The Importance of Emotional Intelligence: Hillary’s Sad and Disappointing Presidential Campaign

Some readers may recall an early September pre-publication commentary first appearing in “The Philadelphia Inquirer,” where I expressed my hopes for What Happened. Very sadly my hopes crashed,, and I want to explain why.  Please read on, even if you are sick of hearing about Hillary and her book.  I think my focus will offer a different take.

You see, I wanted Hillary to use her book to talk to us honestly about her campaign -- her detractors, of course, which she did focus on (often in excruciating detail), but also the lapses she and her campaign leadership were responsible for.  For example, personal polling was stopped a month before the election.  Why?

Through building this trust with us, her leadership direction in how to deal with our exceedingly dangerous, complicated present would have been carefully listened to, even, I believe, by many of those who did not support her.  This would have been especially true of women, who could have assured Hillary’s victory, but whose support was disappointingly low. The ability to communicate in this way rests with trusted connection, a hallmark of “emotional intelligence.” 

Those with emotional intelligence know how to navigate the slippery slopes of life through sincere communication with others.  Through their mutual, trusted connections they often reach their goals.  Or if goals are denied, which is frequently the case since life is not fair, those with emotional intelligence learn from the experience, and are then able to offer important insights and direction to others. Sadly, however, What Happened offers the best possible explanation of what “emotional intelligence” is not. 

 After my commentary was published, I received close to 100 emails from readers throughout our country, which fell into three camps:  those who never would have voted for Hillary, those who worked for her victory with every fiber of their being and were furious at a poorly run campaign, and those who asked for a clearer definition of “emotional intelligence,” with examples.

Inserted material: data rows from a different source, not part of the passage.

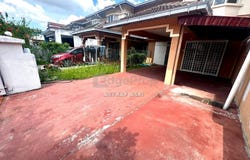 Shah Alam, Selangor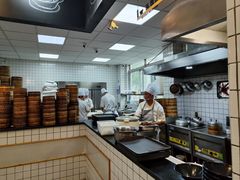 -常鲜德乐购迎桂馒头店(麻巷公寓店)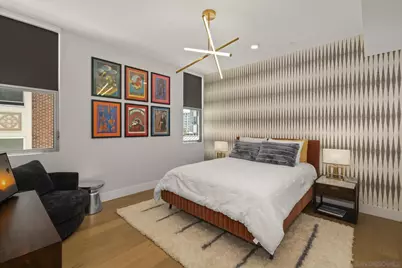  2750 4th Ave #303, San Diego, CA 92103 - Photo 49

Three examples follow, each underscoring the kind of missed opportunity that would lead to non-flinching loyalty of women, regardless of  a candidate’s detractors. (Do remember:  It was women’s compassion for Hillary when Monica Lewinsky came into her life that humanized her to many, leading to her senate victory.  We “got” her pain; it hit home.) 

  1. When Hillary was ill and went to her daughter Chelsea’s to rest, rather than distance herself from us, if she had told us that she had pneumonia, appreciated our concern, which would surely help her recovery, women would have been deeply moved by her truth and her trust.  In discussing this incident in her book, Hillary held on to a wall around her, showing resentment of the intrusion of her privacy.
  2.  When her husband cornered Attorney General Loretta Lynch on her plane, Hillary uses What Happened to lay all blame Jim Comey.  (Yes, Comey proved a horror to Hillary, but he did not instigate this event.) As presidential candidate, women would have rallied around Hillary if she had apologized for poor judgment and shown regret, confiding:  “As you can well imagine, Bill and I had a bad night when I learned of this.  I apologize for both of us – this conversation was especially unfair to Attorney General Lynch.”
  3. In Hillary’s personal email fiasco, consider the difference an immediate apology would have made, rather than stone-walling until an apology seemed insincere and contrived.  Women would have identified with Hillary had she spoken of all of the moving parts in her life that propelled her to take a very wrong short cut. (Once in my kitchen preparing for a dinner party I became so distracted by an overdue report  that I put rubber bands, rather than noodles, in the chicken soup.  Don’t ask!  And you?), In her book we read a 32 page defense of her actions.  She calls her decision “dumb” but explains that others did it, and it is still being done.